Suraj Patel might be about to upset Rep. Carolyn Maloney in the Democratic primary on June 26. Or he might be on the verge of getting trounced. With no reliable polling in the race, it’s impossible to say.
What can be said is that, with $600,000 on hand, Patel has perhaps the best chance of any of the Democratic insurgents running for Congress this year (Joe Crowley, Yvette Clarke, Eliot Engel and Greg Meeks also face primary challenges). That has triggered questions about where all that money came from. It turns out the vast majority came from out of state. The biggest chunk arrived from Indiana, where Patel’s family hotel business is based.
Patel says out-of-state money is always part of the story for candidates from emerging ethnic groups: They pool together the resources they have from the ethnic hubs they can tap into so they can break into the mainstream. Then, their base broadens.
Patel has faced other questions as well: about his lawsuits to knock other candidates off the ballot, about his residency, about the labor record of some of those firms.

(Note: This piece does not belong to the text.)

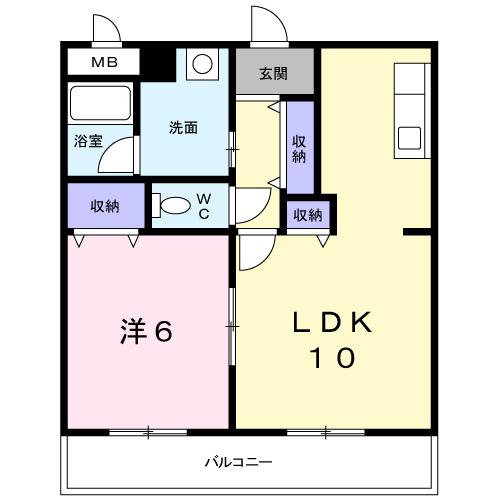 クイールI(1LDK/1階)の間取り写真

He addresses some of those issues in the video below. Whether or not you are convinced by his answers, the thrust of his campaign—that Democrats have lost control of national policy by being too timid, and that Maloney has been unreliable on issues of the deepest principles, like the war in Iraq and the nuclear deal with Iran—raises points that establishment Dems are going to have to respond to, if not in 2018, then certainly in 2020.